(What you will do)
Transcribe the data below verbatim from the line with "#lego #custom #legocustom" to the line with "escadote com 5 degraus". Include both of those lines.

(Input data)
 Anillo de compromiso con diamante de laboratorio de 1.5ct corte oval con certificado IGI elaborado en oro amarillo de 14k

* * *

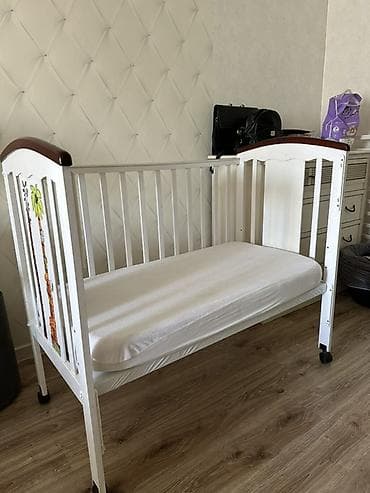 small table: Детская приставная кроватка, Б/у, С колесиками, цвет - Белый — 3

...

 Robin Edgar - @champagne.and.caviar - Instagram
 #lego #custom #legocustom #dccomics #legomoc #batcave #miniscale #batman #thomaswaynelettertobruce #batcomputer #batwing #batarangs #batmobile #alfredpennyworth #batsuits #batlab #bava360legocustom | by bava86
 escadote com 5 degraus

(Final answer)
 #lego #custom #legocustom #dccomics #legomoc #batcave #miniscale #batman #thomaswaynelettertobruce #batcomputer #batwing #batarangs #batmobile #alfredpennyworth #batsuits #batlab #bava360legocustom | by bava86
 escadote com 5 degraus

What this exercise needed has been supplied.